(Data shown begins)
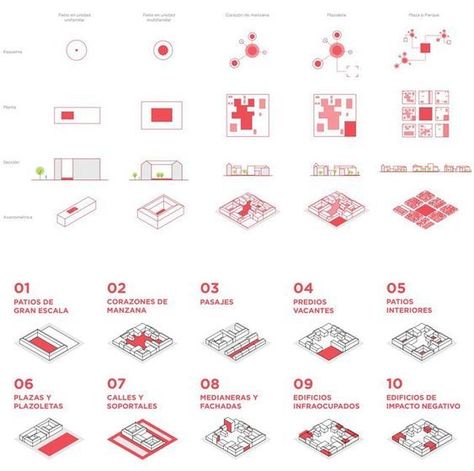 Typology Architecture, Urban Project, Landscape Architecture Diagram, Urban Design Diagram, Urban Analysis, Urban Design Graphics, Henning Larsen, Urban Design Concept, Landscape Architecture Drawing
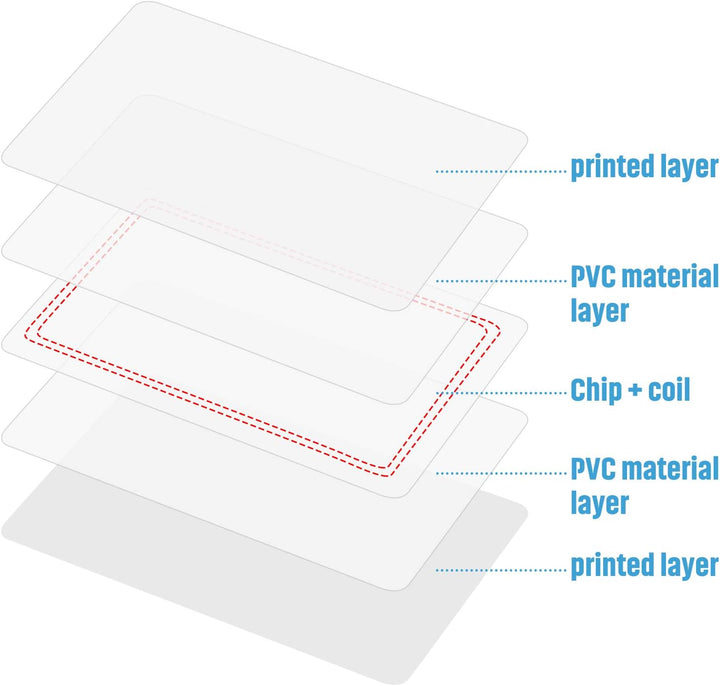 NTAG215 NFC Karten, PVC Karten Weiss Etiketten Kompatibel mit TagMo und Amiibo für Alle NFC-Fähigen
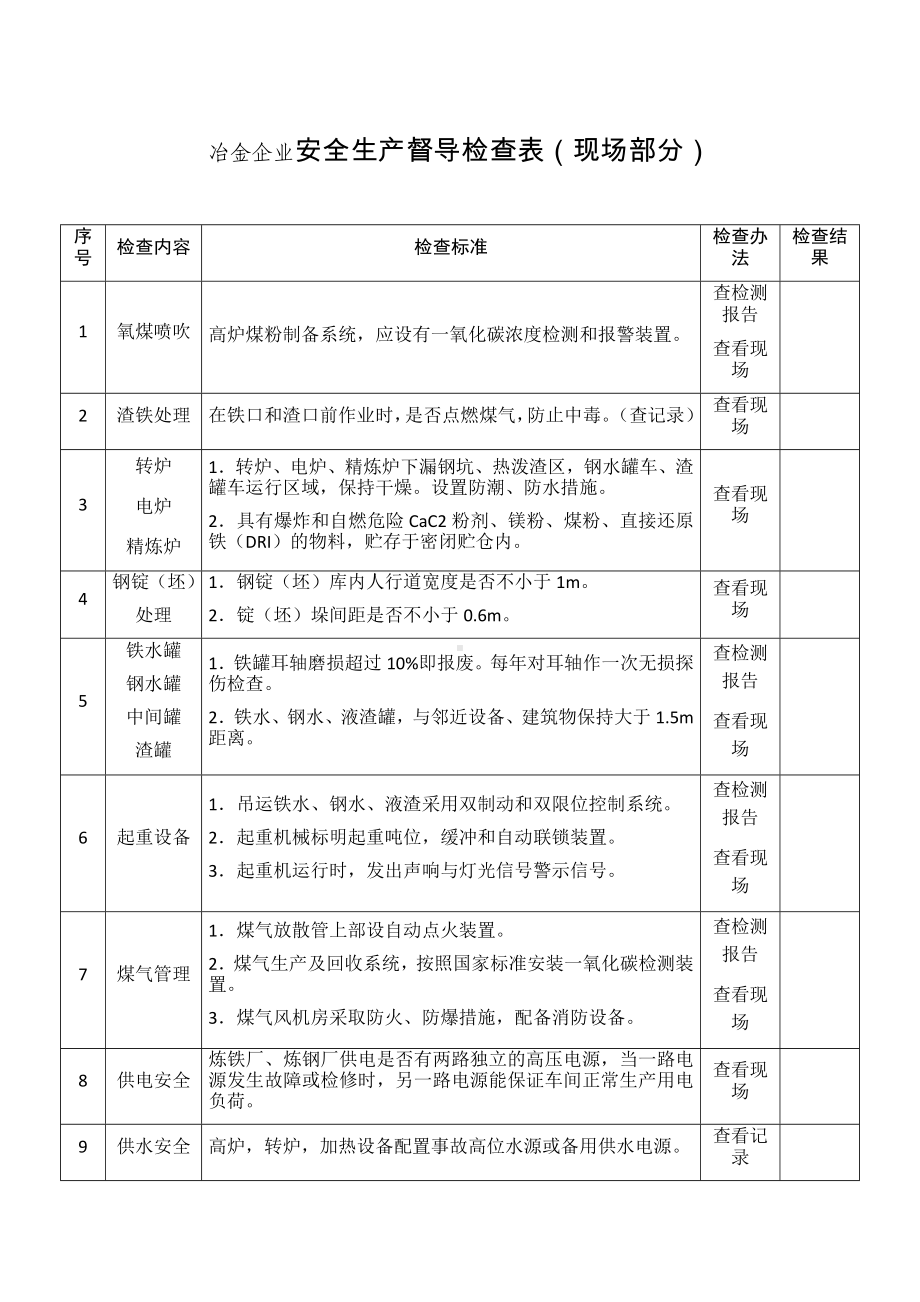 冶金行业企业安全生产督导检查表参考模板范本.docx_第1页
(Data shown ends)
* Work item *
Please give all of the material again, exactly, without the images.

* Answer section *
 Typology Architecture, Urban Project, Landscape Architecture Diagram, Urban Design Diagram, Urban Analysis, Urban Design Graphics, Henning Larsen, Urban Design Concept, Landscape Architecture Drawing
 NTAG215 NFC Karten, PVC Karten Weiss Etiketten Kompatibel mit TagMo und Amiibo für Alle NFC-Fähigen
 冶金行业企业安全生产督导检查表参考模板范本.docx_第1页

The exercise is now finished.